Safer Streets: Adding Police and Halting Illegal Handgun Sales
Meeting the President's Pledge of 100,000 More Police. The Justice Department's Office of Community Oriented Policing Services (COPS) will award $27.4 million in grants for 151 policing agencies across the country to hire 428 officers. Today's announcement will bring the total number of officers funded under the President's COPS Initiative to over 88,500 --keeping the COPS Initiative ahead of schedule and under budget.
Improving System of Brady Background Checks. The President will announce more than $41 million in Justice Department grants for states to improve their criminal history records, thereby enhancing the effectiveness of the Brady Law's National Instant Criminal Background Check System (NICS). The grants, provided through the National Criminal History Improvement Program (NCHIP), are funded through the President's 1994 Crime Bill. Total grants under this program now exceed $200 million. The President will also reiterate his opposition to efforts in Congress to undermine the effective and timely implementation of NICS which is scheduled to come on-line next month.
New Tools to Support Law Enforcement and Safe Communities
Improving Criminal History Records and Access. The President will announce his intent to sign bipartisan legislation, introduced by Senators DeWine (R-OH) and Leahy (D-VT), to provide $1.25 billion in federal assistance to states over five years to upgrade communications technologies and criminal justice identification systems. The bill also includes an Administration-proposed national compact on the electronic exchange of criminal history records for non-criminal justice purposes, such as employment checks on day care and elder care workers.
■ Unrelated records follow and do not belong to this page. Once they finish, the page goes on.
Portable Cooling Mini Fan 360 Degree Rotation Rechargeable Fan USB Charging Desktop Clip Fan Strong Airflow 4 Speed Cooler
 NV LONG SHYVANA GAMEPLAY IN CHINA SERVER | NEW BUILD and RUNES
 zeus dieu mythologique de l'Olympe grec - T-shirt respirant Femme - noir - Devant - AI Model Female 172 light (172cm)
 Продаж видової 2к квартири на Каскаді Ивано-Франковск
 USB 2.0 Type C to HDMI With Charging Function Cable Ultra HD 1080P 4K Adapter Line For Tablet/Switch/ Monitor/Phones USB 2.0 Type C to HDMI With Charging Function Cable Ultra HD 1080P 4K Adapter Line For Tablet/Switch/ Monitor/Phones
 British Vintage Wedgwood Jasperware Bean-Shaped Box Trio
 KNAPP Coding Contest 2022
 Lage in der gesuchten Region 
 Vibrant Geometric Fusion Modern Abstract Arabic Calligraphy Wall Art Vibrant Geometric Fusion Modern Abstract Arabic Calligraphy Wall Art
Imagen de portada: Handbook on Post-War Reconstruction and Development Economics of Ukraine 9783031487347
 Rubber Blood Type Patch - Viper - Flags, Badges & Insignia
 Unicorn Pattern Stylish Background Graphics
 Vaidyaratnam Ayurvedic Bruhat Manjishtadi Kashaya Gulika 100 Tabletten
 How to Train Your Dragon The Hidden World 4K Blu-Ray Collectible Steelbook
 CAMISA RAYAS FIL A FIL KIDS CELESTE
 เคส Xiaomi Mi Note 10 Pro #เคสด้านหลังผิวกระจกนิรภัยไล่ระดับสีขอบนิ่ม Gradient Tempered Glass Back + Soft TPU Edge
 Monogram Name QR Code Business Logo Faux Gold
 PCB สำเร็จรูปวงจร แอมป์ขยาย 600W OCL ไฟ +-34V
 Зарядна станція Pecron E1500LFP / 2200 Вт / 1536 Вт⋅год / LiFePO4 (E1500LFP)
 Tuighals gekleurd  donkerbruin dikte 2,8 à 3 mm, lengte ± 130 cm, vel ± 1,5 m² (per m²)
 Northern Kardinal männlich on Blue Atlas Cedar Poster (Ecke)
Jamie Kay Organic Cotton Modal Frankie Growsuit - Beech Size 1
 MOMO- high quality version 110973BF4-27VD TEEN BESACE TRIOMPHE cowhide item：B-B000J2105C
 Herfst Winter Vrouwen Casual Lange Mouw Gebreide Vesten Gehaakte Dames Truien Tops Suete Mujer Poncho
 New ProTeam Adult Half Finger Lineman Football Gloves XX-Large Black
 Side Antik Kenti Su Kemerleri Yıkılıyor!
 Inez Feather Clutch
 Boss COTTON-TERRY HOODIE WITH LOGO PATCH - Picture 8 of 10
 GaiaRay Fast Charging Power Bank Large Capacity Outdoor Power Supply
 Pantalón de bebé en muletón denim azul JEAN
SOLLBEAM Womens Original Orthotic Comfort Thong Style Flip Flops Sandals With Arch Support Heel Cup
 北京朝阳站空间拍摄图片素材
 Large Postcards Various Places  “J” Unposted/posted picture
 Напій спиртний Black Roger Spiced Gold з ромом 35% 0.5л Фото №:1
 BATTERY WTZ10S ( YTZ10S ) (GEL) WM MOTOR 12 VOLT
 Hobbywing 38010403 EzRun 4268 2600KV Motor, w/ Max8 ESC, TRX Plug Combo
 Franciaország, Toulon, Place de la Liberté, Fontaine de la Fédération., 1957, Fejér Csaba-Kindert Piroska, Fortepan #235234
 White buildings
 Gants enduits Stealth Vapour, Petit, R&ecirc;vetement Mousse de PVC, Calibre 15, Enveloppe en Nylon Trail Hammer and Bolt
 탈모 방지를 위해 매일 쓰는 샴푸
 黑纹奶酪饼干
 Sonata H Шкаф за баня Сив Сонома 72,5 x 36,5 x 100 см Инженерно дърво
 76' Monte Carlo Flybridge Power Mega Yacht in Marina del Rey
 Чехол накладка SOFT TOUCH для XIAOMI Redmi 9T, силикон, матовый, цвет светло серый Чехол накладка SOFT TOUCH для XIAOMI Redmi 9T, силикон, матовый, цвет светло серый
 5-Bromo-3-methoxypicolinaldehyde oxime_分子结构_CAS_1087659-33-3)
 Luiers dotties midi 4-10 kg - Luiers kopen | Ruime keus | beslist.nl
President Clinton: A Record of Support for Law Enforcement
Protecting law enforcement from deadly assault weapons. Because criminals should never outgun law enforcement officers, the President's 1994 anti-crime bill banned 19 of the deadliest cop-killing assault weapons. In addition, this spring, the Treasury Department generally banned the importation of more than 50 models of modified assault weapons.
Preventing criminals from buying handguns. In 1993, the President signed the Brady Bill. Since its passage, over 250,000 stalkers, fugitives, and felons have been prevented from buying guns. That means fewer guns on our streets and safer streets for our officers.
Giving the police the protection they deserve. In June 1998, the President signed the Bulletproof Vest Partnership Grant Act to provide $75 million in grants to help state and local governments defray the costs of purchasing bulletproof vests.